After graduating from the RCA, Evans undertook a variety of commissions in Britain and overseas. Between 1924 and 1933, he worked as the Art Director at the Wanganui Technical College in New Zealand. This led to Evans representing that country in the art contest at the 1928 Olympics in Amsterdam. After he returned from New Zealand, Evans resumed painting scenes in the South Wales coalfields and throughout the 1930s produced a substantial body of work there. In 1936 he had two large pieces showing underground workers shown at the Royal Academy. In the mid-1930s he began work on his largest picture, A Welsh Family Idyll which he regarded as a statement of Welsh national values and a tribute to his home village.
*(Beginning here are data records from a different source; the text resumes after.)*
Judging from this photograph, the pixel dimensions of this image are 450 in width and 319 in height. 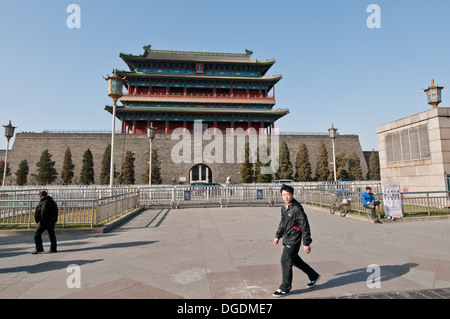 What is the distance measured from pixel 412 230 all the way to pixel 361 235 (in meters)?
1.96

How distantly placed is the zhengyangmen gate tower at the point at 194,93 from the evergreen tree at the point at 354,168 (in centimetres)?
1203

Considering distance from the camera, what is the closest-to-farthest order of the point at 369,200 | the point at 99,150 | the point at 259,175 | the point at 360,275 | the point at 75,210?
the point at 360,275, the point at 369,200, the point at 75,210, the point at 259,175, the point at 99,150

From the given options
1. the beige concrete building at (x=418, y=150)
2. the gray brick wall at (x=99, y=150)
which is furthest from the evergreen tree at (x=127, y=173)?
the beige concrete building at (x=418, y=150)

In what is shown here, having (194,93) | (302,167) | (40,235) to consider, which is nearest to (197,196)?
(40,235)

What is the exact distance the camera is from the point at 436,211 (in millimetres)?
10688

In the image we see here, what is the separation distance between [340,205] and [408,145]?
6143 mm

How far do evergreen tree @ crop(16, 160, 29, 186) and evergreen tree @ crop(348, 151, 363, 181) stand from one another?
4243 cm

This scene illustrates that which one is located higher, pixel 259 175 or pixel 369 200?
pixel 259 175

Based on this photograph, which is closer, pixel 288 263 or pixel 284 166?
pixel 288 263

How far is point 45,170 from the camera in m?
31.4

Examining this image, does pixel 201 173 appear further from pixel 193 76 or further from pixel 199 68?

During World War II, Evans had a number of works, depicting miners working underground, accepted by the War Artists' Advisory Committee. Before the War, in 1935, Evans had also completed a similar commission for the South Wales branch of the Miners Federation. From 1940, he taught at Slough Grammar School and eventually became the art master there. Evans held that post until 1968 and then, after further time abroad, taught at Slough College until 1968. Evans also worked as chief examiner for the London University Examination Board and the Central Welsh Examination Board.

Evans was a fine portrait painter, was a member of the Royal Society of Portrait Painters and exhibited nineteen times at the Royal Academy, first showing there while still a student at the RCA and mostly showing mining subjects. He also exhibited at the New English Art Club, the Leicester Galleries and at the Paris Salon.